Powers, a United States Army paratrooper and sharpshooter, belonged to Easy Company, part of the legendary 101st Airborne Division. He recalled a bitterly cold day in the Ardennes when he was able to draw down on a German sniper, sighting his target by the misty cloud of the man's breath. He killed him with one shot.
"Right there," he said, touching his forehead. "Between the eyes."
But Powers, of Dickenson County, who died Wednesday of natural causes at age 86, was also reflective about such matters.
In the second-to-last episode of "Band of Brothers," an HBO miniseries that documented Easy Company's wartime exploits, Powers spoke on camera about the soldiers he fought and also hinted at the intrinsic tragedy of combat.
"We might have had a lot in common. He might've liked to fish, you know, he might've liked to hunt," Powers said. "Of course, they were doing what they were supposed to do, and I was doing what I was supposed to do.
"But under different circumstances, we might have been good friends."

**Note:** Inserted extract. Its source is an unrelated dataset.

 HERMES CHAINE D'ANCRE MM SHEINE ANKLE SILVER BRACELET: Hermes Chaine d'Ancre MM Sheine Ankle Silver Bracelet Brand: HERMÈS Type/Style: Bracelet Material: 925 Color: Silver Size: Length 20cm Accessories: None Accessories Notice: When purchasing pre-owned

Powers, who got the nickname "Shifty" playing basketball as a youngster, served three years in the Army during World War II and later worked as a machinist for Clinchfield Coal Corp. He found renewed notoriety when his military experiences were depicted on film and in the Stephen Ambrose book of the same name.
"He actually hadn't talked about it, his war years, until the book came out," said his daughter-in-law, Sandy Powers. "He gets fan mail from all over the world, and calls."

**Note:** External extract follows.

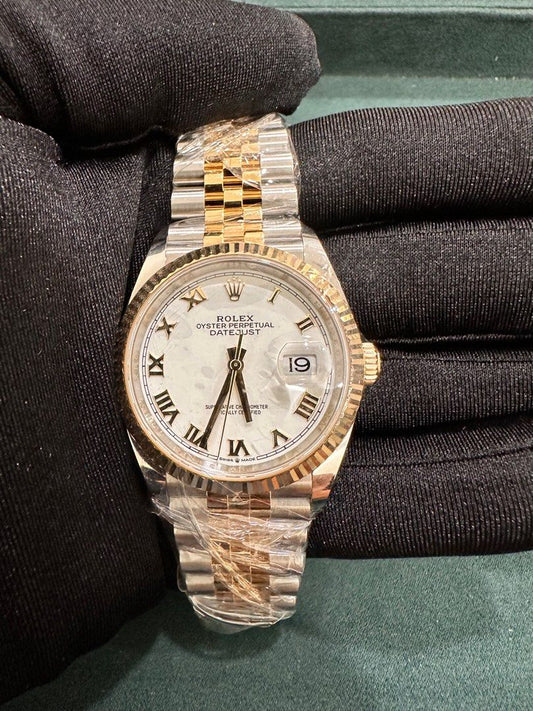 Rolex DateJust 36 Ref: 126233 Two-Tone White Dial New Unworn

"For me and my kids, it's just amazing that our regular, sweet uncle was such a hero," said his niece, Cheryl Gilliland of Roanoke. "It sure changed his life in later years. He went places and met people he never would have otherwise."
Darrell Powers met a German soldier in 2005 who had fought against him at the notoriously brutal siege of Bastogne during the winter of 1944.

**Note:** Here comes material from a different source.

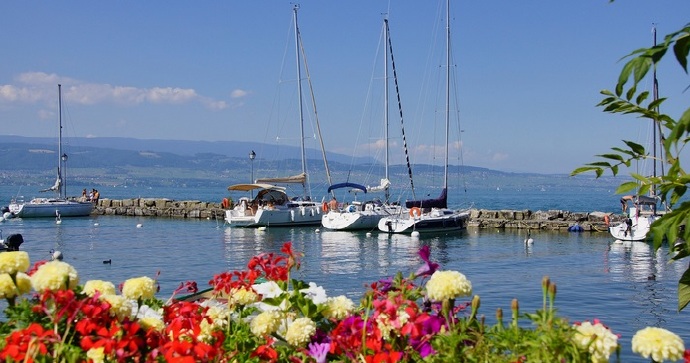 Fotos lindas de Yvoire, el pueblo hermoso francesa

According to his son, Wayne, he had in September been scheduled to travel to Iraq to meet with U.S. soldiers, but health problems prevented it.
"He was so disappointed. He wanted to meet with the soldiers so badly," Sandy Powers said.
One of his closest friends, Earl McClung, of Colorado, in 2001 called Darrell Powers "a heck of a good soldier and a heck of a good shot."
"And he was there every time I looked up," he added.
"Our family had four boys and one girl, and I'm the only one left," said Powers' sister, Gaynell Sykes of Roanoke, on Wednesday. "He was a great brother. I know he was great at a lot of other things, too -- great father, great son, great husband."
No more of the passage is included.